Recently, bloggers have been talking about potential output or potential GDP. I find the discussion to be frequently misleading. For example, Mark Thoma quotes Tim Duy:
If we claim the economic potential of the nation has declined - that in aggregate, we can not make as much stuff as we did a few years ago...
But nobody claims that. The pessimists on potential output only claim that it is growing below some previous trend. They never claim that it has declined in absolute terms.
I do not blame Mark or Tim for making misleading statements on this topic. I think there is something inherently misleading about the concept of potential GDP. We talk about it as if we were living in a one-good world; however, in the real world there is heterogeneity of workers and and goods.
(PSST is most explicit about heterogeneity. The "representative agent" DSGE model is most explicit about ignoring heterogeneity. Other frameworks are somewhere in between.)
From a PSST perspective, employment and output decline when patterns of production become unsustainable in some sectors before new patterns have been established. This makes the concept of potential GDP untenable.
Let us say we are at full employment in 2007 and that we will return to full employment in 2015 (I am not predicting that, just using it as an example). What is potential GDP today? Is it the GDP we could have had by keeping everyone working exactly as they did in 2007? Or is it the GDP that we will produce in 2015, even though the production techniques, patterns of trade, and even some of the goods themselves have not all been discovered as of today?

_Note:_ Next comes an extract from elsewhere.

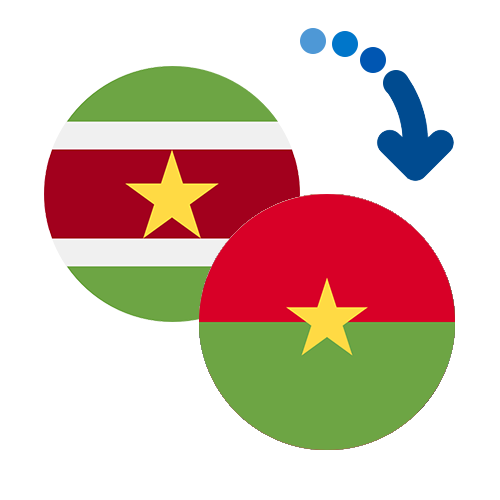 Как перевести деньги из Суринама в Буркина Фасо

The standard practice is to draw a straight line between GDP in 2007 and 2015, look at the current date relative to that line, and call that potential GDP. The problems with this are obvious. First, we do not know what GDP will be in 2015 (or whenever it is we might return to full employment.) Second, just because we draw a line between 2007 and 2015 does not meant that we belong on that line right now. The PSST story is that we are where we are because we constantly have to discover and tinker with the processes and patterns of specialization and trade that make the best use of resources.